A convertible bond (often referred to as a convertible note or a convertible debenture) is a type of corporate bond that gives the bondholder the option to convert the bond into a predetermined number of the issuing company’s common stock or other securities, typically at a predetermined conversion price. In simpler terms, it is a bond that can be converted into shares of stock.
Do not confuse convertible bonds with convertible preferred stocks, which are a completely different type of security, and the subject of another article.
Here’s how a convertible bond works:
- Issuance: The company issues the convertible bond to investors, typically at a fixed interest rate and with a maturity date.
- Bondholder receives interest payments: Similar to regular bonds, the bondholder receives periodic interest payments (coupon payments) based on the bond’s face value and the fixed interest rate.
- Conversion option: The bondholder has the right, but not the obligation, to convert the bond into a specified number of shares of the issuing company’s stock. The conversion price is the predetermined price at which the bond can be converted into stock.
- Stock price appreciation: If the company’s stock price rises above the conversion price, the bondholder can convert the bond into stock and potentially benefit from the stock’s price appreciation.
Advantages of convertible bonds:
- Potential for capital appreciation: Convertible bonds offer the potential for investors to benefit from an increase in the issuing company’s stock price. If the stock price rises significantly, the bondholder can convert the bond and profit from the capital appreciation.
- Income generation: Before conversion, the bondholder receives regular interest payments, providing a steady income stream.
- Reduced downside risk: Unlike pure equity investments, convertible bondholders have a bond floor or a minimum value. If the company’s stock price declines, the bond retains some value as a fixed-income instrument.
- Priority: If the company goes out of business, the bondholders get paid off before the stockholders.
Disadvantages of convertible bonds:
- Lower coupon rates: Convertible bonds typically have lower coupon rates compared to regular bonds due to the additional value derived from the conversion feature. This means the bondholder may receive lower interest income compared to non-convertible bonds with similar risk profiles.

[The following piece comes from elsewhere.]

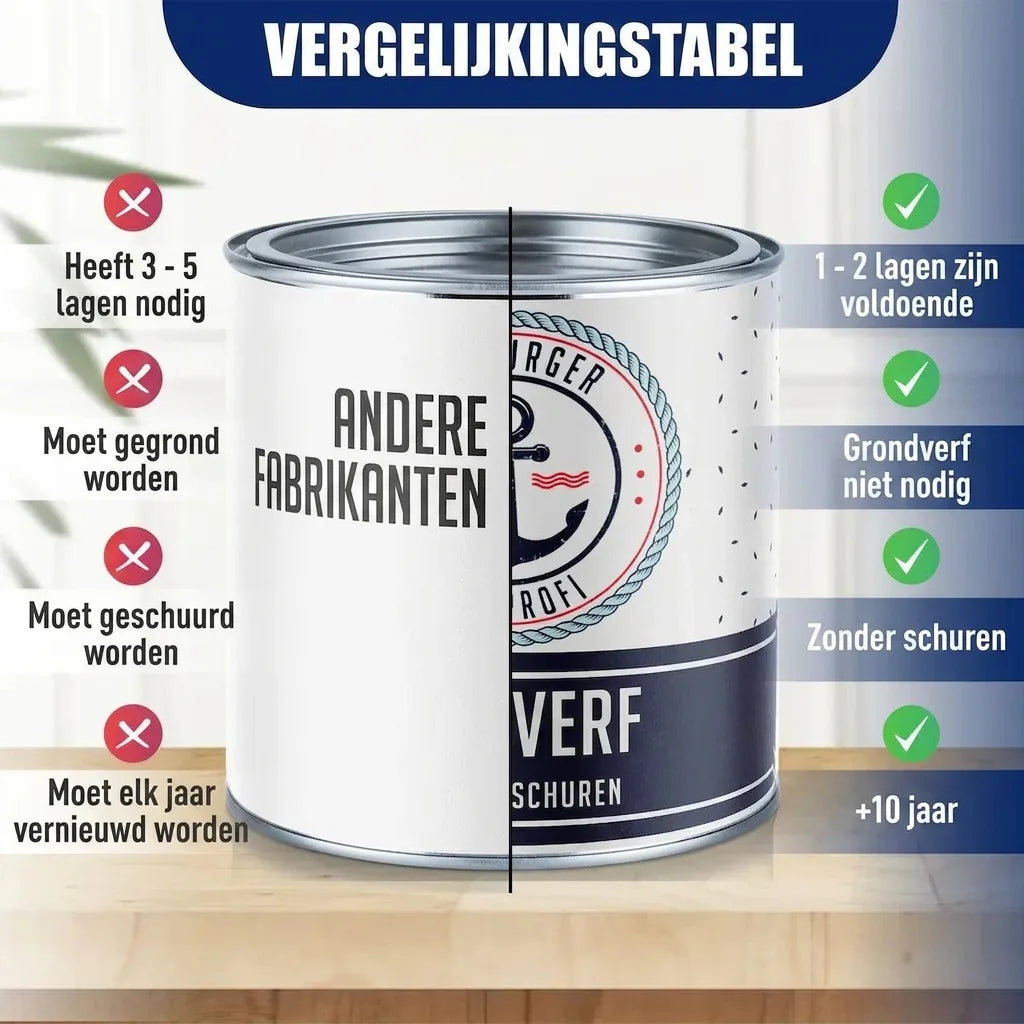 Möbelfarbe ohne Schleifen RAL 3028 Reinrot - Möbellack Hamburger Lack-Profi - Hamburger Lack-Profi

- Dilution risk: When bondholders convert their bonds into equity, new shares are issued, which can dilute the ownership stakes of existing shareholders.
- Limited potential upside: While convertible bondholders can benefit from stock price appreciation, the conversion feature may limit their potential gains compared to holding the company’s stock outright.
- Interest rate sensitivity: Convertible bond prices can be sensitive to changes in interest rates. If interest rates rise, the value of the bond may decline, affecting its attractiveness to investors.
- Liquidity: They can be illiquid, with most not traded on any exchange. Not all brokers offer them.
It’s important to note that the specific terms and features of convertible bonds can vary, so investors should carefully review the bond’s prospectus.
Tesla (TSLA) issued 2.00% Convertible Senior Notes due May 15, 2024. The bonds, which were issued in 2019, had an Initial Conversion Price of approximately $309.83 per share of Common Stock and an Initial Conversion Rate of 3.2276 shares of Common Stock per $1,000 principal amount of Notes.
Since that time, Tesla had a three-for-one stock split in 2022, so based on the prospectus, it appears that the conversion rate would be adjusted.
It is very difficult to find these bonds or even get a price.
The utility Southern Company (SO) issued its Series 2023A 3.875% Convertible Senior Notes due December 15, 2025.
Interest on the Convertible Notes will be paid semiannually at a rate of 3.875% per annum. The Convertible Notes will have an initial conversion rate of 11.8818 shares of Southern Company’s common stock per $1,000 principal amount of the Convertible Notes
PPL Capital Funding, Inc., a wholly-owned subsidiary of PPL Corporation (PPL), issued 2.875% Exchangeable Senior Notes due 2028.
The notes will be senior, unsecured obligations of PPL Capital Funding and will be fully and unconditionally guaranteed on a senior, unsecured basis by PPL Corporation. The notes will bear interest at a rate of 2.875% per year, payable semi-annually in arrears on March 15 and September 15 of each year, beginning on September 15, 2023. The notes will mature on March 15, 2028, unless earlier exchanged, redeemed or repurchased.
The notes will be exchangeable at an initial exchange rate of 29.3432 shares of PPL Corporation’s common stock per $1,000 principal amount of notes.
General Motors (GM) issued a mini-convertible bond at $25 par value. The General Motors, 5.25% Series B Convertible Senior Debentures due 3/5/2032 have a conversion rate of 0.3852. It appears that the bonds were formally exchange listed but have since been delisted, and from what I can tell, it appears that the bond interest payments have been suspended.
If you are considering converting a portion of your portfolio to convertibles, beware of the risks, and lack of liquidity.
Disclosure: Author didn't own any of the above at the time the article was written.